─── Available data
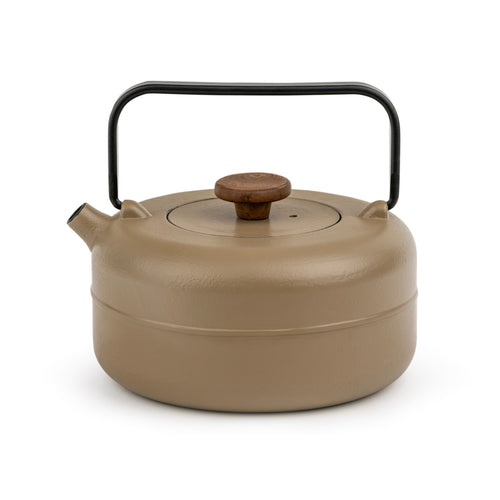 Bredemeijer - Theepot Henan 0,75L gietijzer beige - vtwonen shop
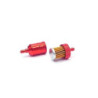Fuel filter aluminum -Red
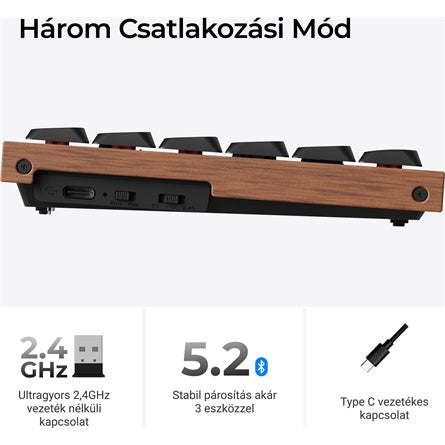 Keychron K3 HE Bluetooth / vezeték nélküli magyar Ultra-fast Lime Magnetic mechanikus billentyűzet fekete [ah:694444ab81ca43b4730ffea07db158ef5b646bd2a989f26c03c0e4043462114c] [ah-transfer:38a7c6141a994481acc8212117edf1f1]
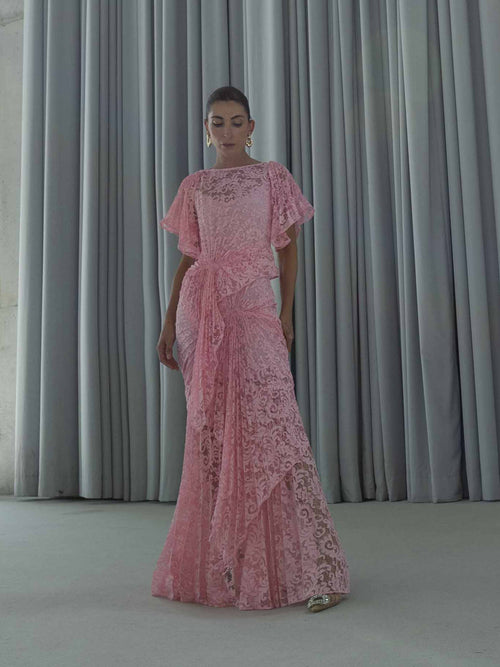 Cascade Dress Floor Length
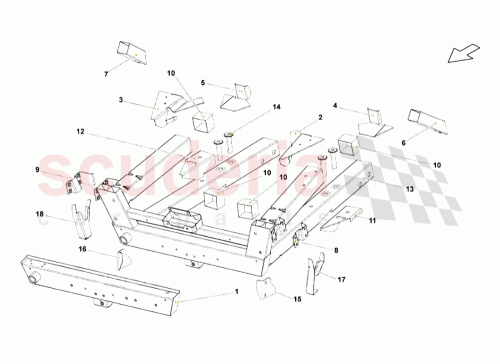 Part Diagram for Lamborghini 407805698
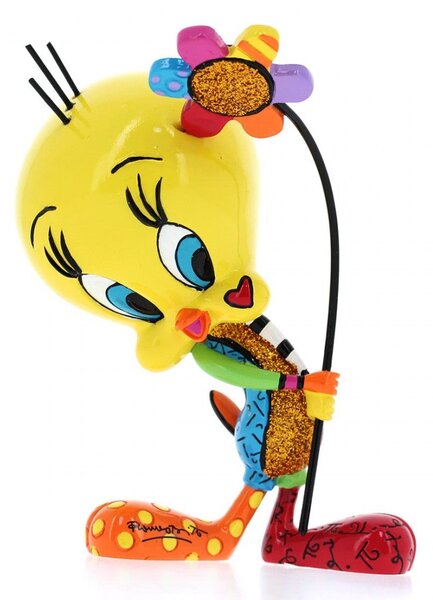 ENESCO BRITTO TWITTY WHITH FLOWERS ART. 4058184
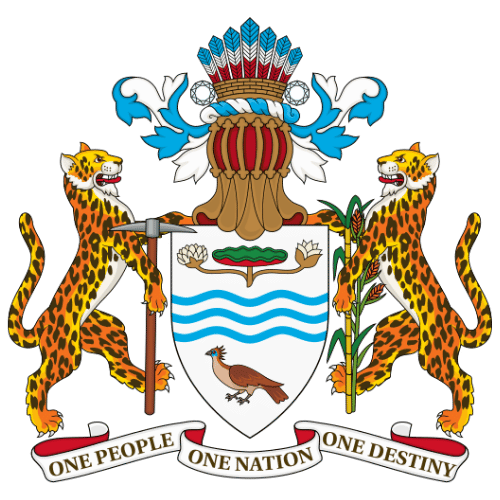 Image showing the big size coat of arms or embelem of Guyana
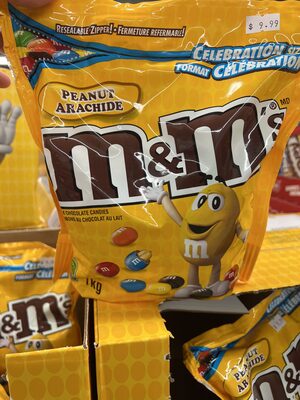 m&m's peanut 1kg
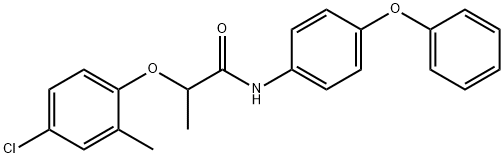 2-(4-chloro-2-methylphenoxy)-N-(4-phenoxyphenyl)propanamide Struktur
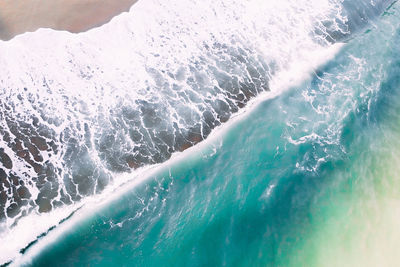 High angle view of swimming pool in sea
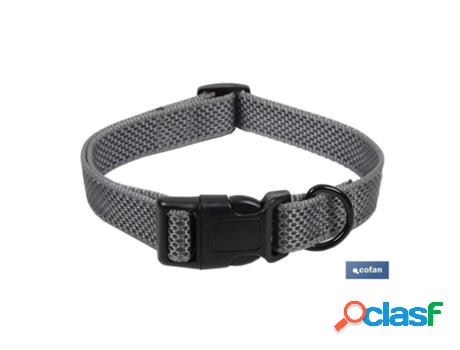 Collar para perros gris modelo roma 2.5x45-70cm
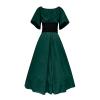 Women's Plus Size Victorian Dress Flare Sleeve Off Shoulder Medieval Dresses with Corset Patchwork Ball Gown view 4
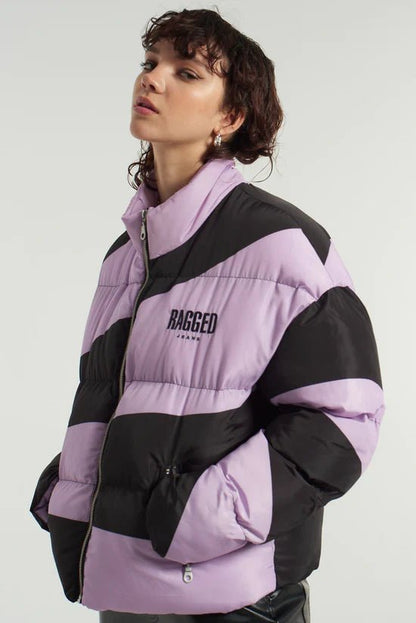 Shop The Ragged Priest Zonked Puffer Jacket - Premium Jacket from The Ragged Priest Online now at Spoiled Brat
──────
What you are asked to do:
From the line containing "ENESCO BRITTO TWITTY" to the final line of the entries, both included, transcribe every line exactly, omit the pictures, and add nothing more.

Reply to the task:
 ENESCO BRITTO TWITTY WHITH FLOWERS ART. 4058184
 Image showing the big size coat of arms or embelem of Guyana
 m&m's peanut 1kg
 2-(4-chloro-2-methylphenoxy)-N-(4-phenoxyphenyl)propanamide Struktur
 High angle view of swimming pool in sea
 Collar para perros gris modelo roma 2.5x45-70cm
 Women's Plus Size Victorian Dress Flare Sleeve Off Shoulder Medieval Dresses with Corset Patchwork Ball Gown view 4
 Shop The Ragged Priest Zonked Puffer Jacket - Premium Jacket from The Ragged Priest Online now at Spoiled Brat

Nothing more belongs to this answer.